MPs Call On HMRC To Address Challenges In Tax Admin
HMRC’s challenges in administering the tax system as it has become increasingly complex have been revealed in Parliament’s Public Accounts Committee (PAC) report, with trust in the agency falling, and costs rising significantly. The simplification of taxation has been emphasised by PAC as a way of
improving trust with taxpayers and learning lessons from the implementation of Making Tax Digital (MTD).
Caroline Miskin, Senior Technical Manager – Digital Taxation, at ICAEW, says: “It is no surprise that the cost of complying with tax obligations is increasing as each year more is asked of HMRC, taxpayers and agents. It has been clear for some time that HMRC has been struggling to meet the additional demands placed on it, contributing to a decline in customer service that appears to be eroding trust in the tax system.
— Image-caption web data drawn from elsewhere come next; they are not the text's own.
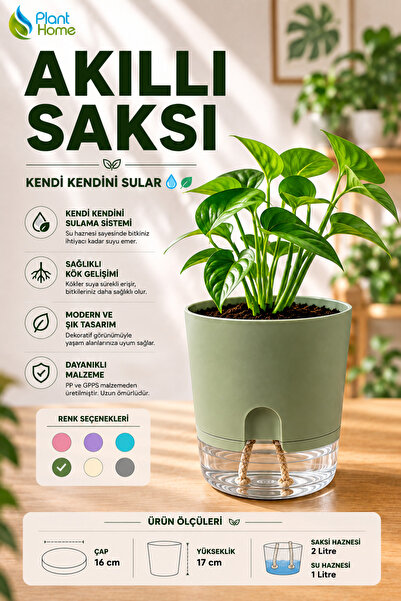 plant-home Akıllı Saksı Kendini Sulayan Saksı Otomatik Sulama Sistemli Su Haz...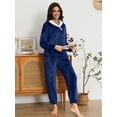 thumbnail image 6 of MINTREUS Women's Fluffy Pajamas Set Coral Fleece Pullover Pants Plush Sleepwear 2 Piece Pjs Set Warm Loungewear, 6 of 8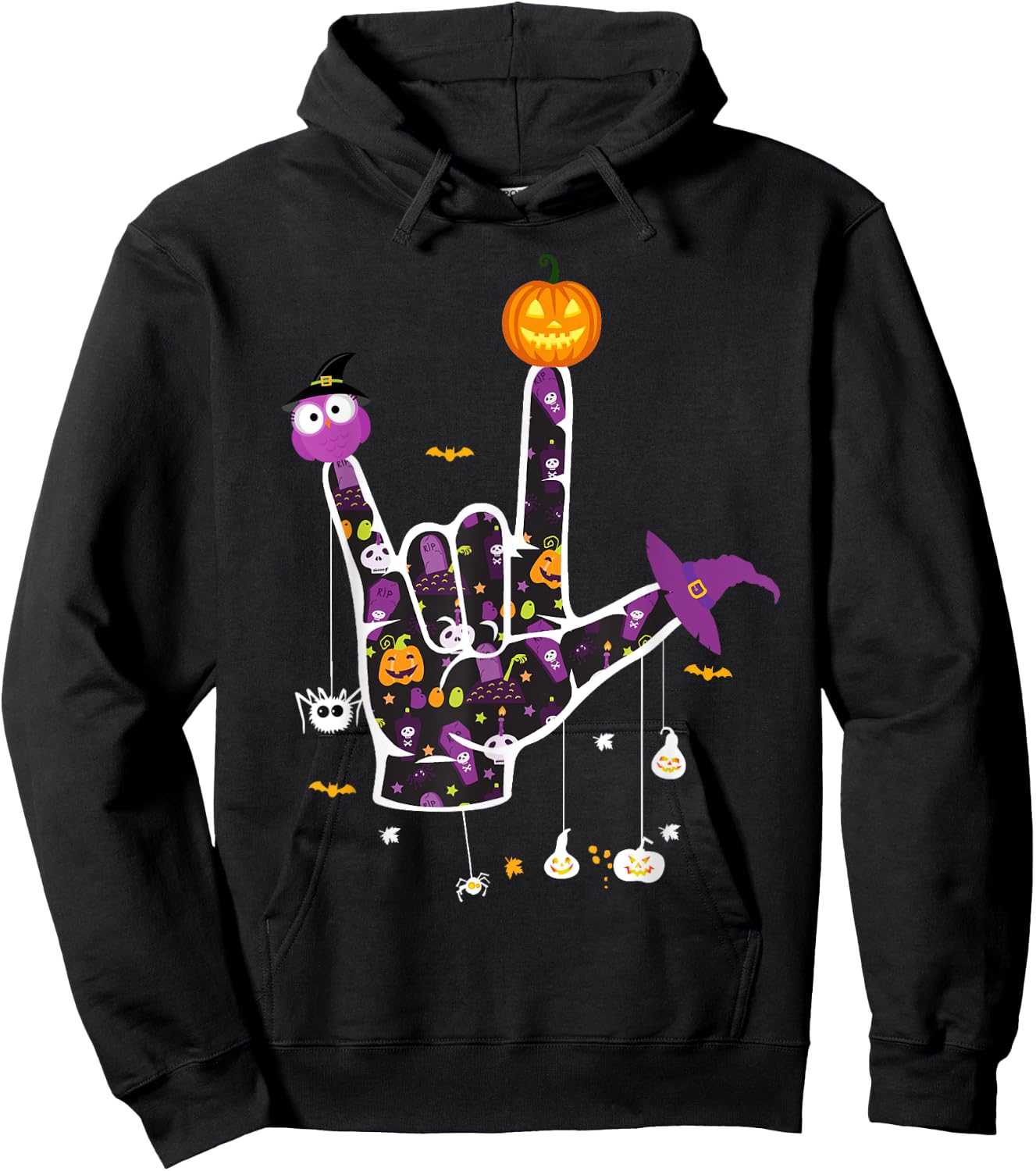 I Love You ASL Halloween Sign Language Halloween Gifts Hoodie - Hoodie | Black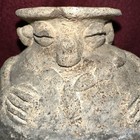 Rare Vintage Ecuadorian Pre-columbian Clay Monkey Face Pottery Vase 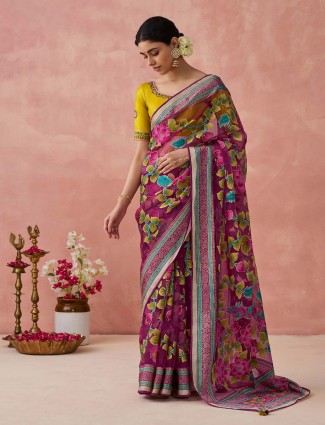 Trendy purple soft organza printed saree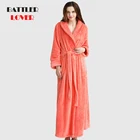 Женский фланелевый банный халат, роскошный длинный теплый халат с мехом в клетку, одежда для подружки невесты, зима 2020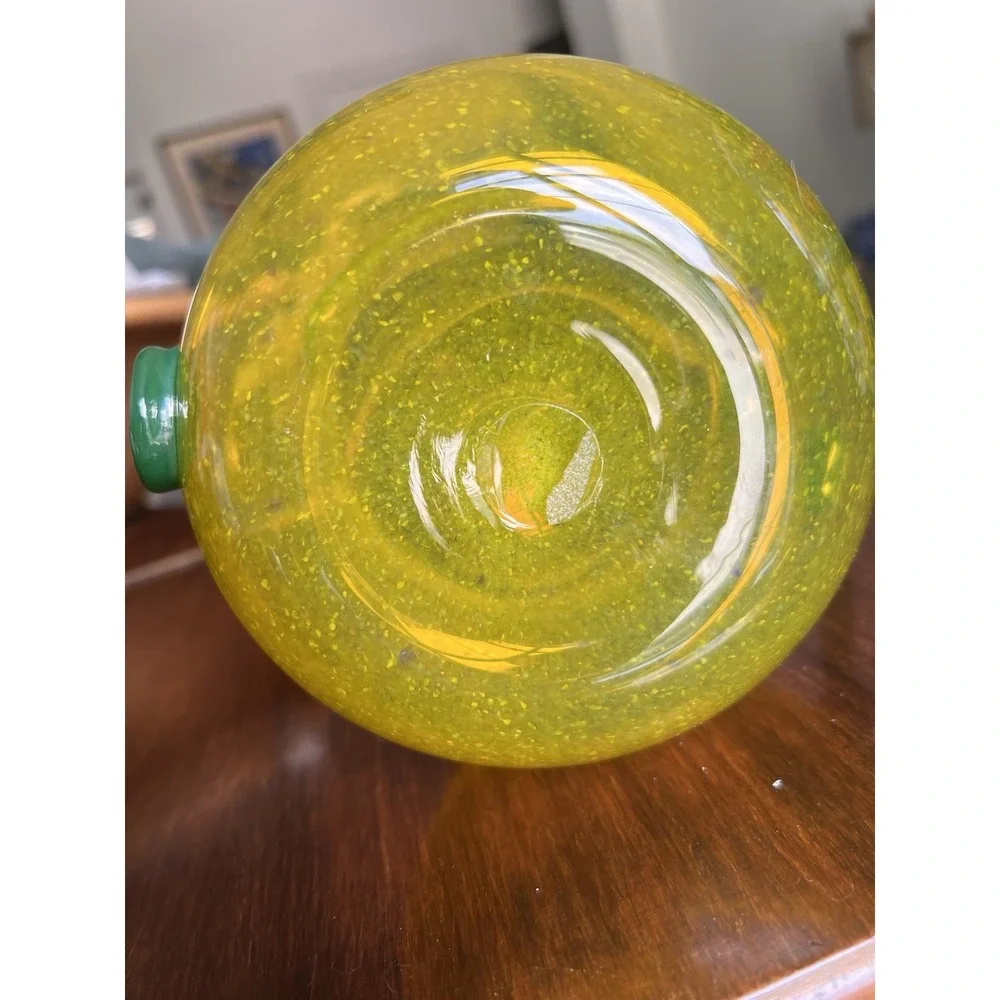 Vintage Blenko Style Yellow And‎ Green Glass Pitcher Hand Blown Art Deco MCM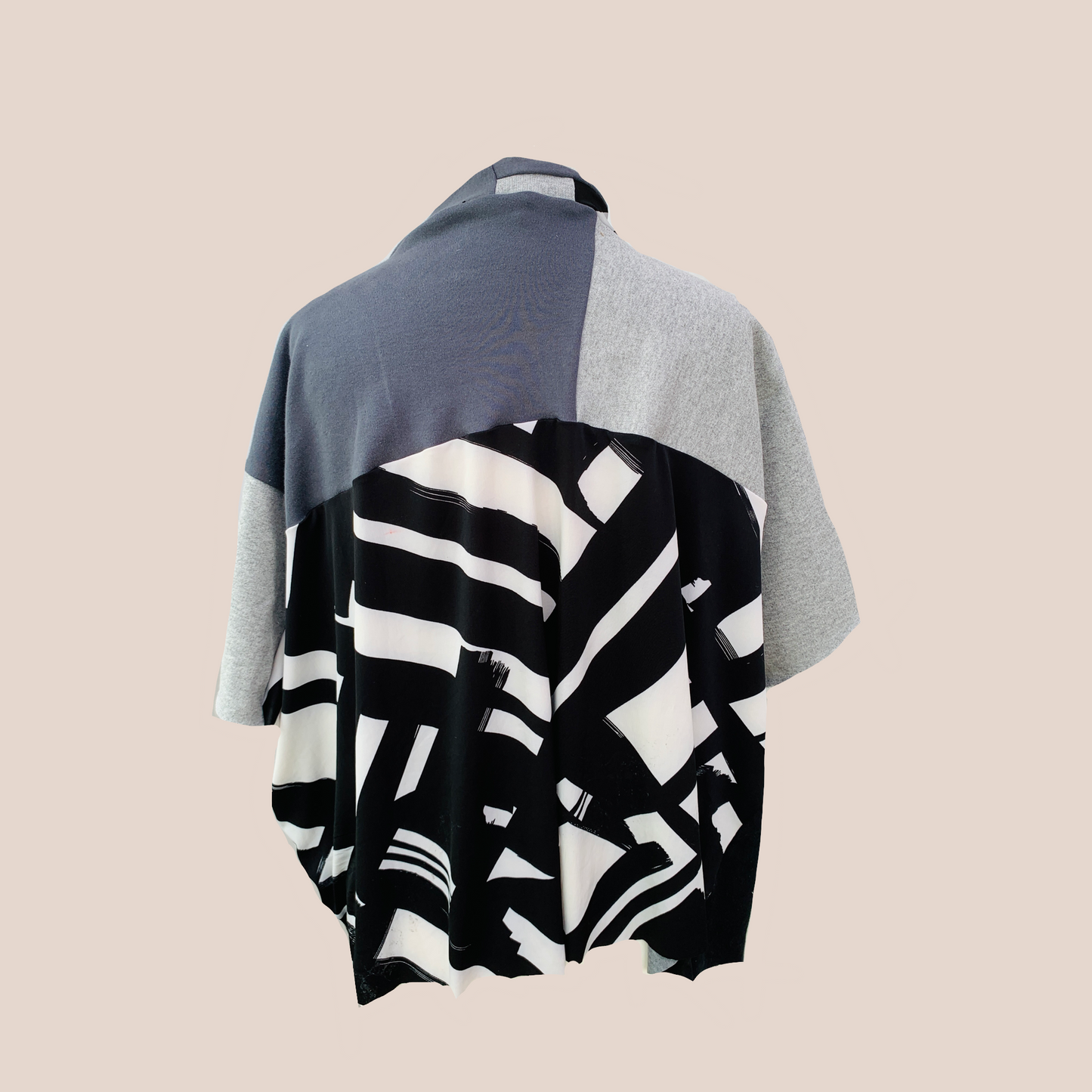 Grey and Black Mixed  Patchwork Wrap Top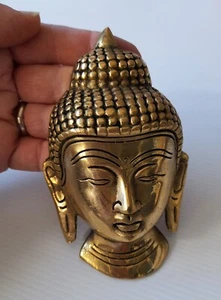 Decorative Brass Buddha Face Figurine Sculpture Hinduism Religion - Picture 1 of 6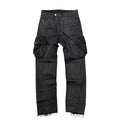 TROUBLED WATERS BLACK POCKET WAXED DENIM.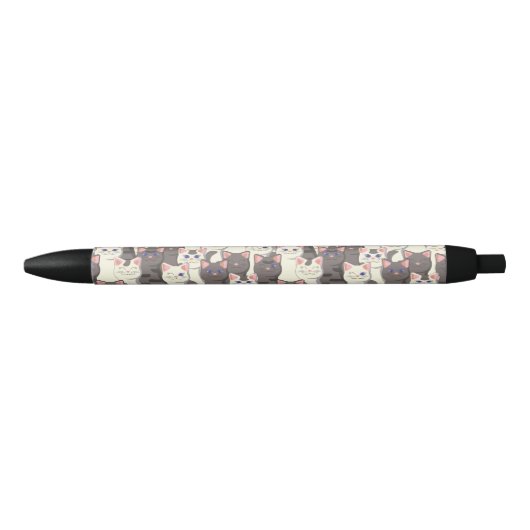 Witte en grijze kattenpatroon zwarte inkt pen (Voorkant)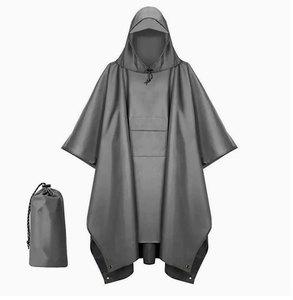 Poncho impermeable DFR1010 azul para hombres, camuflaje naranja, gris, negro, caqui, verde, venta al por mayor. - Product Image 3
“It is vital that the impacts of administering and complying with changes in tax policy, including changes to HMRC systems, are given serious thought at an early stage in the process. More needs to be done to simplify the tax system, not just tax administration. It is disappointing that the government appears to be only interested in the latter. MTD demonstrates the importance of consulting with and listening to taxpayers and agents. Our members tell us – and we have told HMRC and government – that quarterly reporting will increase costs for little obvious benefit, and the PAC report supports this.”
What are the challenges?
PAC has made several recommendations to help HMRC deal with the challenges it has identified. A primary one is that tax has become more costly to administer. The total cost per year is estimated at more than £20 billion, with much of that cost falling on businesses. This is largely due to the
additional policies announced, with 240 tax policy changes announced between 2022 and 2024 alone.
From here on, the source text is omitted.